『医療危機 ’09ふくしまの現場から』TOP
 医療費未払い
【1】―2009.11.24
医療費未払い
いわき市立総合磐城共立病院の時間外窓口夜間の診療でも医療費を未払いのままにするケースが後を絶たないという
公立病院 

 地方自治体が経営する病院。多くが赤字で苦しんでおり、経営改善が緊急の課題。県内の公立病院は、昨年度から本年度にかけ、国のガイドラインに基づき経営効率化や経営形態見直しの計画などを盛り込んだ改革プランをまとめた。
第4部
公立病院
 
― 「確信犯」対応を強化/不況影響 募る危機感  ―
 
 「生活苦で医療費を本当に払えない患者もおり、われわれ医師もやるせない。それだけに『払えるのに払わない』というような確信犯には憤りを感じる」
 いわき市立総合磐城共立病院産婦人科の本多つよし医師は、受診した患者が医療費を払わないケースのうち、「確信犯」の患者に対しては毅然(きぜん)とした態度で対処すべきと考える。「必死に働いているのに病院は赤字、その原因の一つになっているのは医療費の未払い問題だ」
 同病院は08年度決算で17億1000万円の単年度純損失を計上。赤字幅は前年度より8500万円減少したが、依然として厳しい経営状況が続く。収入を支える医療費のうち、回収が不可能と判断する未払いの総額は約3100万円に上り、医療費未払いが追い打ちを掛ける格好となっている。

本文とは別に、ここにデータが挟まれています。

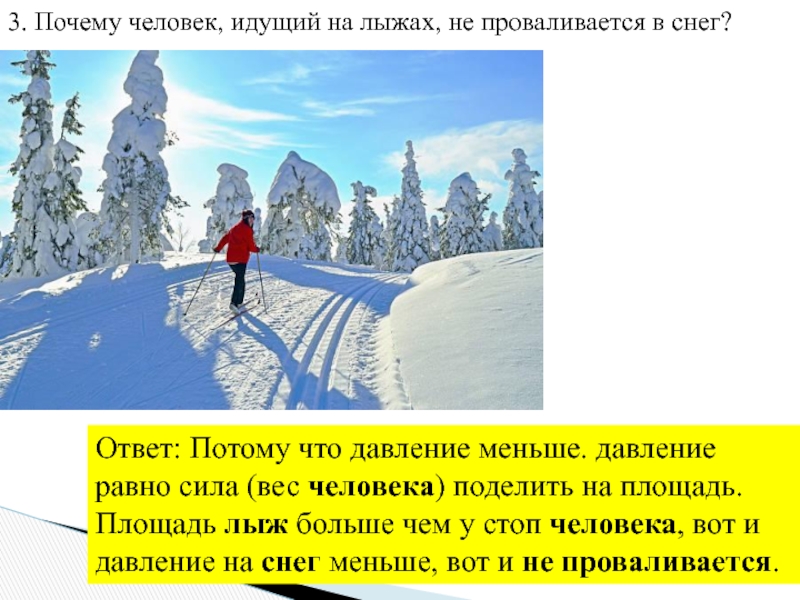 Рассмотрите рисунок мальчик провалился в снег а девочка не провалилась потому что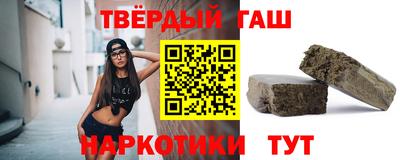 дистиллят марихуана Сланцы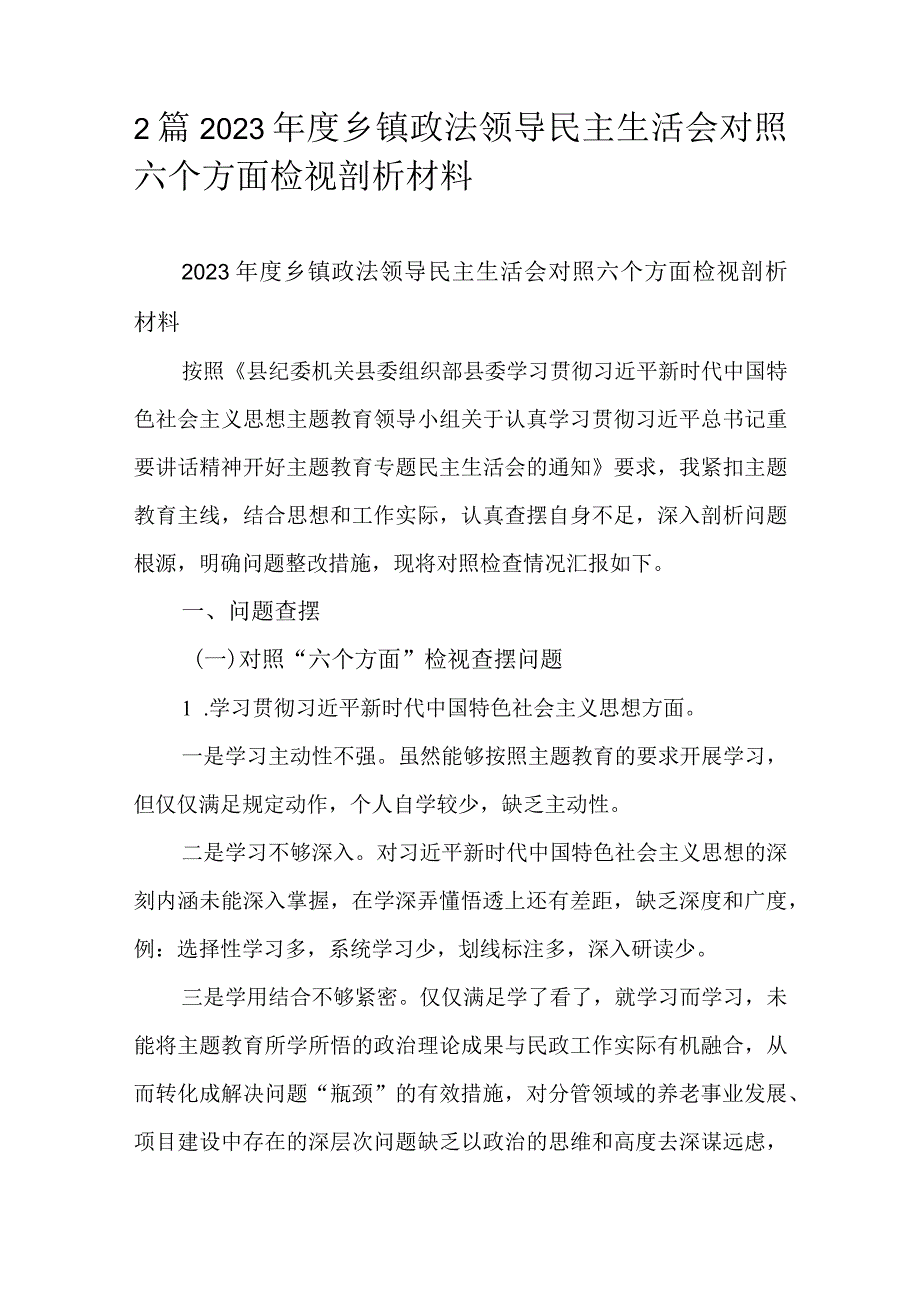 2篇2023年度乡镇政法领导民主生活会对照六个方面检视剖析材料.docx_第1页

 堀川盛敏医事課長は、医療費未払いについて「病院の根幹を揺るがす問題。粛々と支払いを求める民間病院のような対応が十分でなかった。公立病院は、よく言えば患者に優しく、悪く言えば甘かった」と語る。
 同病院は2007(平成19)年12月、未払い費用を回収する専属の「徴収嘱託員」を1人採用し、昨年5月からは2人に増やした。いずれも60歳前後の女性で、同病院や福祉関係の職場での勤務経験があり、実情にも詳しい。未払いの患者に電話をかけたり、自宅を訪問するなどして支払いを求めている。
 未払いの発生防止や回収のためのマニュアルも今年10月にまとめた。悪質な患者に対し、同病院として初めて法的手続きを取るための準備も進めているが、不況の影響が、戦々恐々とさせている。本年度の医療費未払いが、前年度よりも増加しそうな勢いだという。
 県立病院でも医療費の未払いは切実な問題。県病院局によると、県立病院の医療費未払い金残高総額は、昨年度末時点で9400万円。同様に不況の影響が懸案で、福島市で今月、各病院の担当者の会議を開き、取り組みを強めたい考え。